Captioned web images
BEGIN
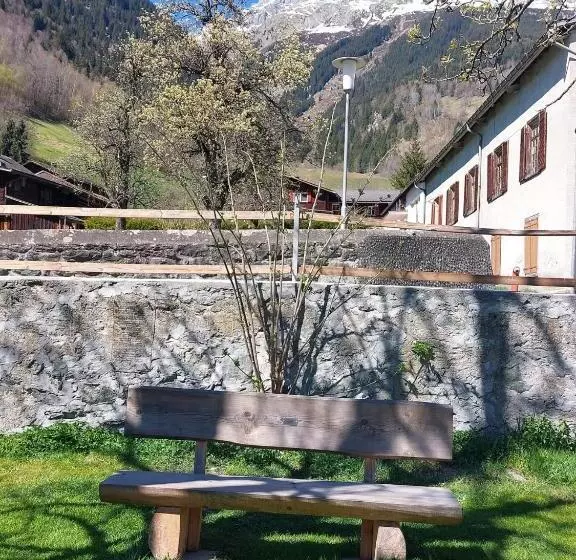 Retkeilymaja Casa Tödi Restaurant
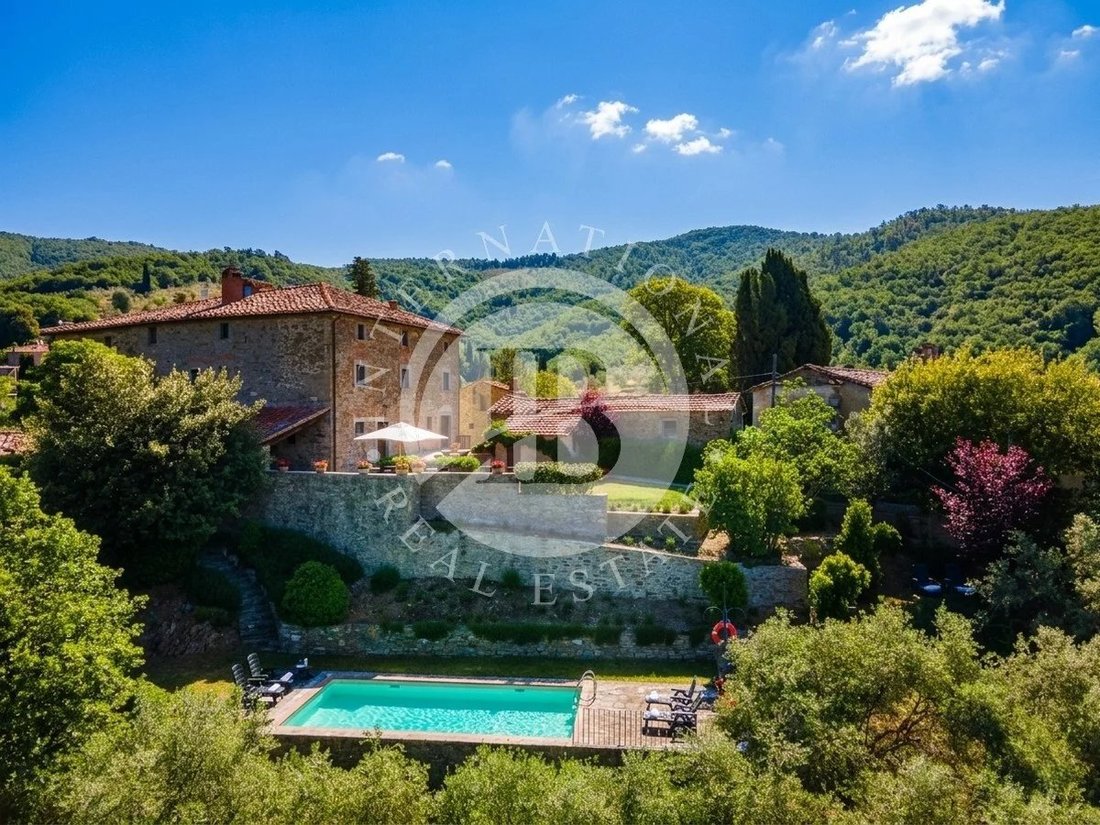 Estate in Castiglion Fiorentino, Tuscany, Italy 1 - 18110622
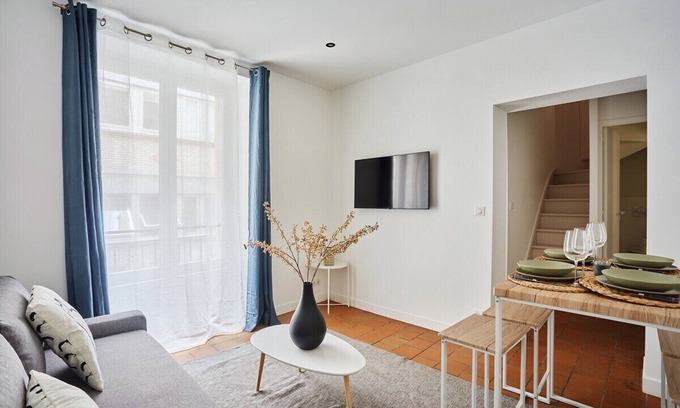 Les Halles Apartment | Elegant 2-Bedroom Apartment Near the Louvre Museum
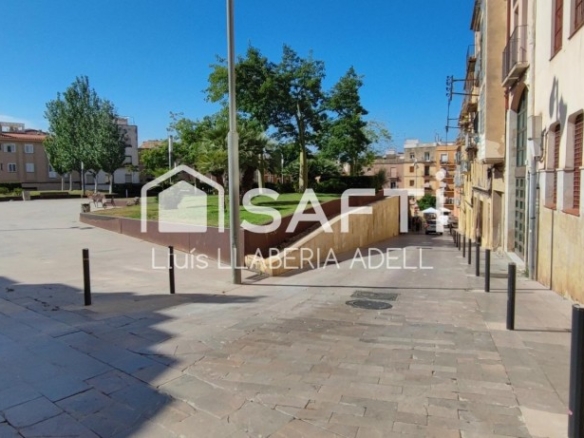 cerca de plaza con zona comercial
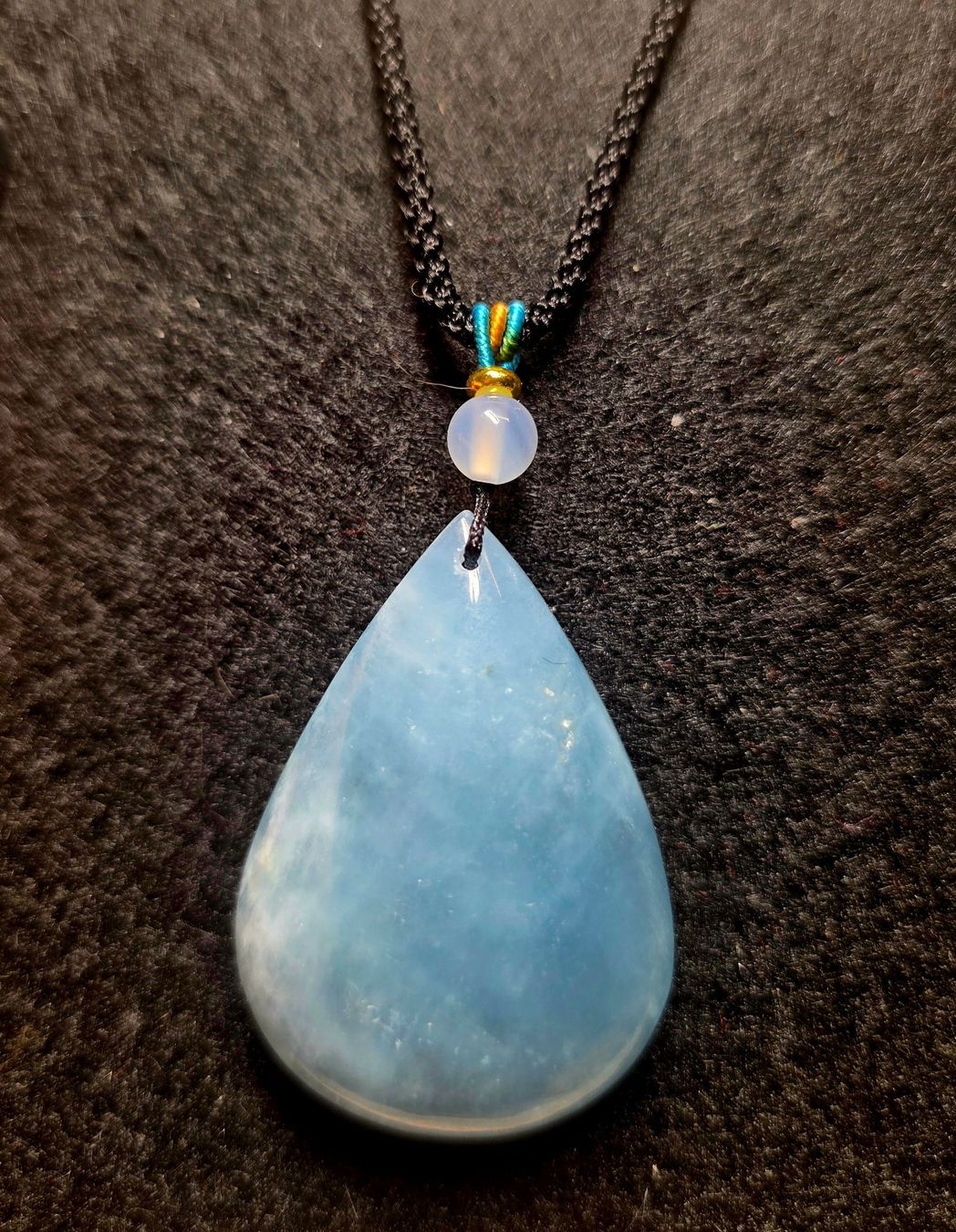 Minerali & Pietre curative: Aquamarin an Kordelkette – Nuovo e nell'imballaggio originale da Matzingen venduto da Shay_Crystalz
END
Exercise directions: All lines from the one containing "Les Halles Apartment" through the end of the entries above must be given again exactly, with every picture omitted.

Solved exercise:
 Les Halles Apartment | Elegant 2-Bedroom Apartment Near the Louvre Museum
 cerca de plaza con zona comercial
 Minerali & Pietre curative: Aquamarin an Kordelkette – Nuovo e nell'imballaggio originale da Matzingen venduto da Shay_Crystalz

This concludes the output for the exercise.